Activity: A word-for-word copy of the listing, free of images, is the expected answer.

Recorded data:
____________

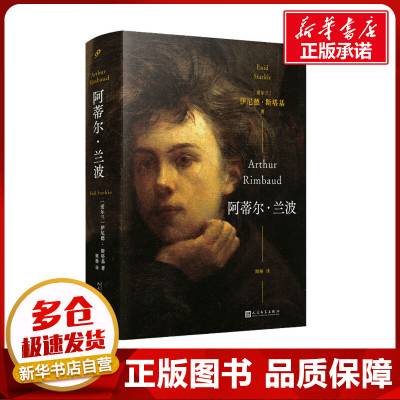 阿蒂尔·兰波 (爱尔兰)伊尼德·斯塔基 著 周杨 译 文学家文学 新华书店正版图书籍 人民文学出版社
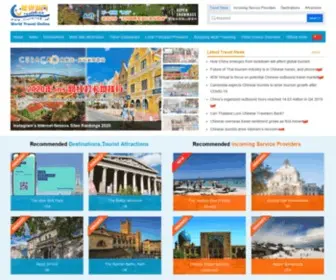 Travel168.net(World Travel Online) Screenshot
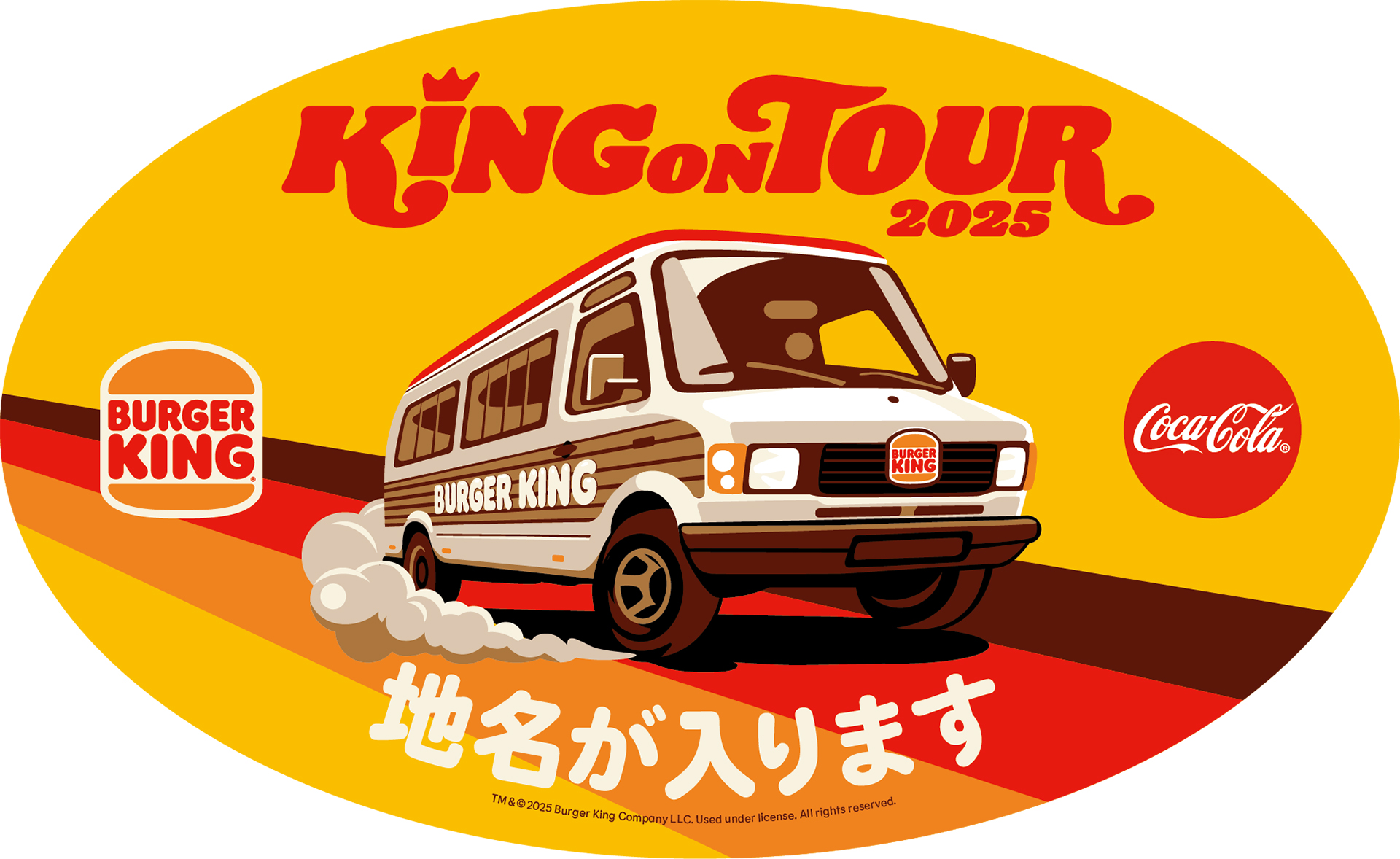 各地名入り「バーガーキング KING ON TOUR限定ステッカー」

____________

Response area:
 阿蒂尔·兰波 (爱尔兰)伊尼德·斯塔基 著 周杨 译 文学家文学 新华书店正版图书籍 人民文学出版社
 Travel168.net(World Travel Online) Screenshot
 各地名入り「バーガーキング KING ON TOUR限定ステッカー」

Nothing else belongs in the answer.